Oil Prices Hold Steady Ahead of Crucial OPEC+ Meeting Amidst Fed Rate Hike Signals
Oil prices maintained their significant gains as traders anticipate the outcome of a crucial OPEC+ meeting on supply while considering signals from the Federal Reserve regarding interest rate policies.
Global benchmark Brent hovered below $82 a barrel, having surged over 2% on Tuesday, while West Texas Intermediate traded under $77.
The OPEC+ meeting, scheduled for Thursday to set policies for 2024, is currently grappling with a dispute over output quotas for some African members.
The recent rise in crude prices is underpinned by a weakening dollar, with a Bloomberg gauge of the US currency reaching its lowest level since August.
Federal Reserve policymakers, including Governor Christopher Waller, have hinted at an impending pause in the series of rate hikes, contributing to the bullish sentiment in oil markets.
A softer dollar enhances the appeal of commodities for international buyers.
Yeap Jun Rong, a market strategist for IG Asia Pte in Singapore, commented on the interplay of factors, stating, “The US dollar was dragged lower on a build-up in dovish expectations, which was very much cheered on by oil prices.”
However, concerns persist about OPEC+’s ability to address the challenges in the oil market effectively.
Despite the recent gains, oil is on track for a consecutive monthly decline due to increased supply from non-OPEC countries, intensifying pressure on the cartel and its allies to consider more significant output cuts.

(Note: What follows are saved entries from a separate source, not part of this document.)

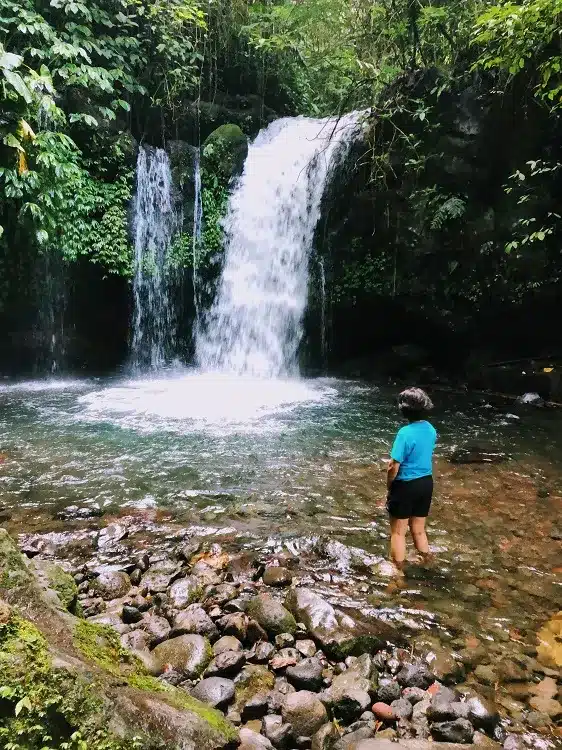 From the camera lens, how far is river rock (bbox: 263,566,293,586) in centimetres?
372

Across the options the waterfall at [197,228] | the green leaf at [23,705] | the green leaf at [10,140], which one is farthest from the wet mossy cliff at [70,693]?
the waterfall at [197,228]

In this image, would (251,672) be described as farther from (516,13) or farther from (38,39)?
(38,39)

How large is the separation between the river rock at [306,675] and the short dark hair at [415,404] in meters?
1.86

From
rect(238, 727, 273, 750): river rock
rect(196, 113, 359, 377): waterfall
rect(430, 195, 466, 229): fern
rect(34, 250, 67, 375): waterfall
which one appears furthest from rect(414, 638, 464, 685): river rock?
rect(34, 250, 67, 375): waterfall

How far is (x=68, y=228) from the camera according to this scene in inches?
464

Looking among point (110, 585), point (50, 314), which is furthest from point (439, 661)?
point (50, 314)

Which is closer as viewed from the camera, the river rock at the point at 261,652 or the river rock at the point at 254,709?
the river rock at the point at 254,709

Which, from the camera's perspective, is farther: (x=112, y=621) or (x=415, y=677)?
(x=112, y=621)

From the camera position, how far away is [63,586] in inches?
102

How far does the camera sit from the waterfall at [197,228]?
44.2 ft

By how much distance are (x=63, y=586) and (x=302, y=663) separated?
1345 mm

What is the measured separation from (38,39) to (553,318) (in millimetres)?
12309

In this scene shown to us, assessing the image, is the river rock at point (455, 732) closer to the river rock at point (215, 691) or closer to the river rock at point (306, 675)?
the river rock at point (306, 675)

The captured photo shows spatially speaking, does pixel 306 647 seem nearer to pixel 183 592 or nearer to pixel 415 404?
pixel 183 592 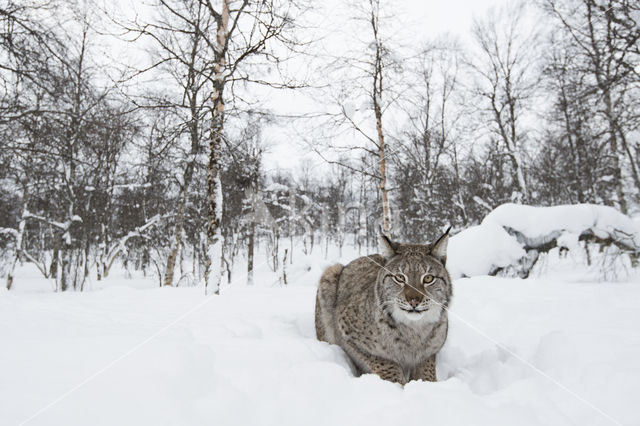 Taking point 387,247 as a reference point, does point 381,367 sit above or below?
below

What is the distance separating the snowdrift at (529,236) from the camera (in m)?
7.85

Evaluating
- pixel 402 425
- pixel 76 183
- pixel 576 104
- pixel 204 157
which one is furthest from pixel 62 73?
pixel 576 104

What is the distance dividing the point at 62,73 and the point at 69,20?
1.27 metres

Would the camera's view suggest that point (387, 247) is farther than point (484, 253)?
No

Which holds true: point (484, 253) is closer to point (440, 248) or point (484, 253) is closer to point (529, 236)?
point (529, 236)

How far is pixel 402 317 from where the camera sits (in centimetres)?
279

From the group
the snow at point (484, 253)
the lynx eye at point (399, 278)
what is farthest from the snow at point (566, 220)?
the lynx eye at point (399, 278)

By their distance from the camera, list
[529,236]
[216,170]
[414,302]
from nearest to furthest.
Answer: [414,302] < [216,170] < [529,236]

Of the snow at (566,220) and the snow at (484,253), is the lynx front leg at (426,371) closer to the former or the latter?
the snow at (484,253)

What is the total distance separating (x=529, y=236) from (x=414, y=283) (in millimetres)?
7583

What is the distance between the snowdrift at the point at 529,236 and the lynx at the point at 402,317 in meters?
5.73

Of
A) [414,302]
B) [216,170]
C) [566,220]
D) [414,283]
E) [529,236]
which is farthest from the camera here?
[529,236]

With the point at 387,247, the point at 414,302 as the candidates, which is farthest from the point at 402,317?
the point at 387,247

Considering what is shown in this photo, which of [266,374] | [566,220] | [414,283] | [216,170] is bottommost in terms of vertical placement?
[266,374] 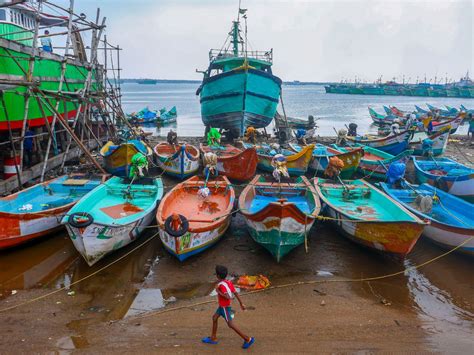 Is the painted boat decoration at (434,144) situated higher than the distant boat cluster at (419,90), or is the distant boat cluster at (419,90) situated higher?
the distant boat cluster at (419,90)

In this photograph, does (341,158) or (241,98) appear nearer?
(341,158)

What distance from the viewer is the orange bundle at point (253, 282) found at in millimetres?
6859

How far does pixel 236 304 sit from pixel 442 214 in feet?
20.3

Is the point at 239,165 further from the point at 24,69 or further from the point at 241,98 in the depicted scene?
the point at 241,98

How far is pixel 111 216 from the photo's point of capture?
28.9 feet

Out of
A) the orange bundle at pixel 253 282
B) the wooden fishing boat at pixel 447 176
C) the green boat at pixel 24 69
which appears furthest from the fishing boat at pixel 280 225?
the green boat at pixel 24 69

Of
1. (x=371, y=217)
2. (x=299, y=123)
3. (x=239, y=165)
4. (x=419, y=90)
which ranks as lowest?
(x=371, y=217)

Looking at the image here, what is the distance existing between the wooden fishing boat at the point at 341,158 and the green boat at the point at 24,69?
30.9ft

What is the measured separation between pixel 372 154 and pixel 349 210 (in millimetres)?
8159

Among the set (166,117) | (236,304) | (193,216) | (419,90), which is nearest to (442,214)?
(236,304)

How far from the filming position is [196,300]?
645cm

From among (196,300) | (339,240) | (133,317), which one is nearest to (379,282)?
(339,240)

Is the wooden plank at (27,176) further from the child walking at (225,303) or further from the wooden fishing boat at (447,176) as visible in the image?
the wooden fishing boat at (447,176)

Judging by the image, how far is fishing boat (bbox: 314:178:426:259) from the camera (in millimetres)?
7176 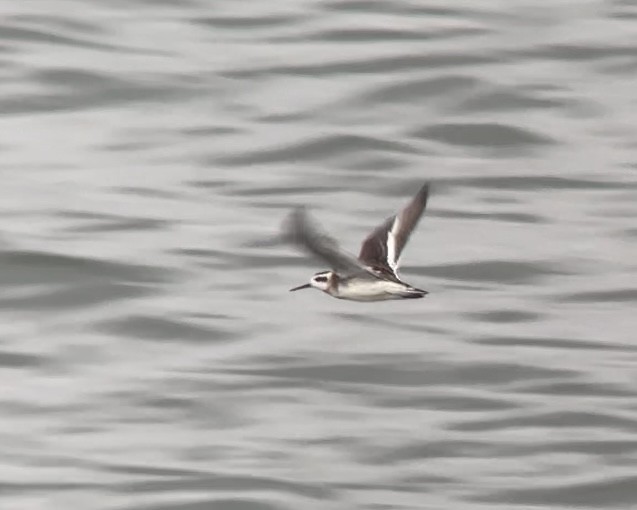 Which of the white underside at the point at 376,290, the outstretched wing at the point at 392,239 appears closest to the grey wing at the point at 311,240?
the white underside at the point at 376,290

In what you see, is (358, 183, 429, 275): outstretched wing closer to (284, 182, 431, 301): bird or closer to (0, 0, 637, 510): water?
(284, 182, 431, 301): bird

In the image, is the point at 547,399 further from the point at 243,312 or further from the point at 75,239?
the point at 75,239

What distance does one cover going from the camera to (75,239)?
19.3 metres

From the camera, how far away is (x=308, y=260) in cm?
1931

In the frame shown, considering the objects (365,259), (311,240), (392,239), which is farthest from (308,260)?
(311,240)

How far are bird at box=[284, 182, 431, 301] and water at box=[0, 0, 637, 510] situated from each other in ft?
4.50

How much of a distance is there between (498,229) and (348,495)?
5.08 m

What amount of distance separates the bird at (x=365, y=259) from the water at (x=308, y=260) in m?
1.37

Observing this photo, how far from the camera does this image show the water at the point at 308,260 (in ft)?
51.8

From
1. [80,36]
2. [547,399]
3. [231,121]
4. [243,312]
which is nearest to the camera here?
[547,399]

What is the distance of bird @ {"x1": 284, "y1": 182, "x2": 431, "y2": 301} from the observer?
41.6 feet

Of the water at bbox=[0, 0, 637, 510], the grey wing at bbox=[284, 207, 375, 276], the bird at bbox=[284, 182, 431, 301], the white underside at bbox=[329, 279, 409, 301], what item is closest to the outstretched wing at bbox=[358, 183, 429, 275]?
the bird at bbox=[284, 182, 431, 301]

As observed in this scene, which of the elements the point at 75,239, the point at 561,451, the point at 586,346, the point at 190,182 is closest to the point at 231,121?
the point at 190,182

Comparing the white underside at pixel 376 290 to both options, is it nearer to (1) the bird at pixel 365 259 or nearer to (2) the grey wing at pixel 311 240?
(1) the bird at pixel 365 259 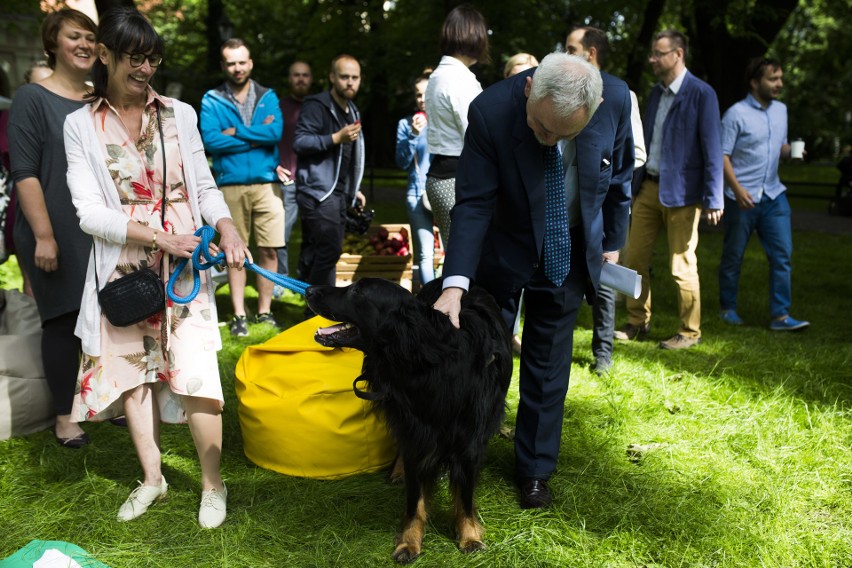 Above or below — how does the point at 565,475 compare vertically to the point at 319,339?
below

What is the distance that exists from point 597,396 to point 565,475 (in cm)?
106

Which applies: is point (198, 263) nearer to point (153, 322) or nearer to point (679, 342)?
point (153, 322)

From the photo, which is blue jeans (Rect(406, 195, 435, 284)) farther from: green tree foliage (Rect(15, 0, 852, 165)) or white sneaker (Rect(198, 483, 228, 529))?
green tree foliage (Rect(15, 0, 852, 165))

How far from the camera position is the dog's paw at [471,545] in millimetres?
2781

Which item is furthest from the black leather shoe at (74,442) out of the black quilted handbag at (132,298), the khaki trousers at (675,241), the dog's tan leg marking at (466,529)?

The International Energy Agency’s earlier assessment indicated a potential return to a global crude surplus in the coming year.
In the US, the American Petroleum Institute reported a 817,000-barrel decline in nationwide inventories last week, potentially marking the first drop in six weeks, pending confirmation from government data.
This development may add support to oil prices and impact the ongoing dynamics in the energy market.